In case you used a LabelEncoder before this OneHotEncoder to convert the categories to integers, then you can now use the OneHotEncoder directly.


((450, 50), (450, 15))

#### train a classifier

In [24]:
from keras.models import Model
from keras.layers import Input, Dense
from keras.models import Sequential
from keras import optimizers
from keras import regularizers

In [25]:
model = Sequential()
model.add(Dense(units=16, activation = 'sigmoid', input_dim=vectors.dim, kernel_regularizer=regularizers.l1(0.01))) # sigmoid, relu
model.add(Dense(units=8, activation = 'sigmoid'))
model.add(Dense(units=4, activation = 'sigmoid'))
model.add(Dense(units=len(cats), activation='softmax'))

In [26]:

sgd = optimizers.SGD(lr=0.10, decay=1e-6, momentum=0.9, nesterov=True)
model.compile(loss='categorical_crossentropy',
              optimizer=sgd,#'sgd', # sgd, adam 
              metrics=['accuracy'])

In [27]:
model.fit(X,y,epochs=100, verbose=False)

ValueError: setting an array element with a sequence.

In [None]:
# making deep learning models more general purpose: use less layers and more epochs
test_y = ohe.transform(le.transform(test.cat).reshape(-1, 1))
test_X = np.array([x[0] for x in test.vectors])
model.evaluate(test_X, test_y)

## Play around with the following and note the changes in accuracy, as well as how long the training step takes):
##### Begin with a single dense hidden layer
* The accuracy increased from 14% to 16%.

##### Change the number of nodes in the hidden layer
* Using 8 nodes instead of 16 resulted in 16% accuracy.
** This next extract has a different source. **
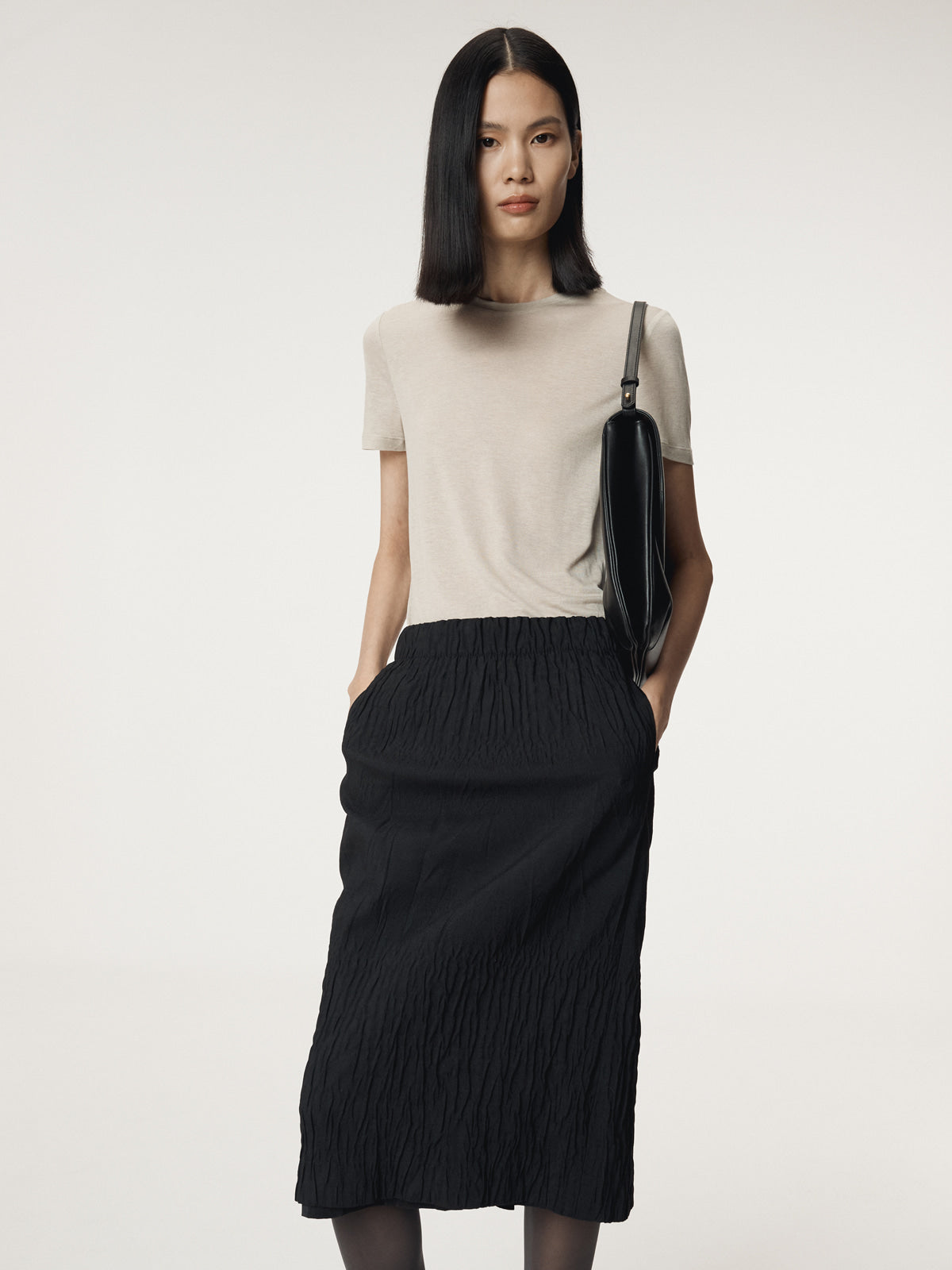 WAVE JACQUARD BANDING SKIRT (BLACK)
Using 32 nodes resulted in 14% accuracy.

##### Change the activation function of the hidden layer
* Changing the activation function to 'relu' did not change the accuracy from 16%.

##### Change the learning rate
* Changing the learning rate from 0.01 to 0.1 did not change the accuracy from 16%.

##### Add additional Dense layers
* I added two more hidden layers, intially all with 8 units, then with 8, 4, and 2. The accuracy stayed at 16%.

##### Add regularization (e.g., Dropout, L1, L2)
* I tried adding l1 and l2 regularization, with a range of values from 0.01 to 0.4. I wasn't able to increase the accuracy above 16%, but it did go down to 14% again. I think if I want to make this model better I should look into new values for numbers of layers and units in each layer.

## Answer the following questions in a markdown cell:
##### What is the neural network learning?
* The neural network is learning paramters for the functions used by nodes in the network.

##### How does the depth or width of the network affect the training and the results?
* Deeper and wider networks increase training time. As network sizes increase (in terms of depth and/or width), it becomes more likely that the corresponding model would be overfit. 

##### What is regularization? Why is it important?
* Regularization is a technique used to prevent overfitting. It's important because overfit models don't give us a good idea of how well they generalize when looking at new data.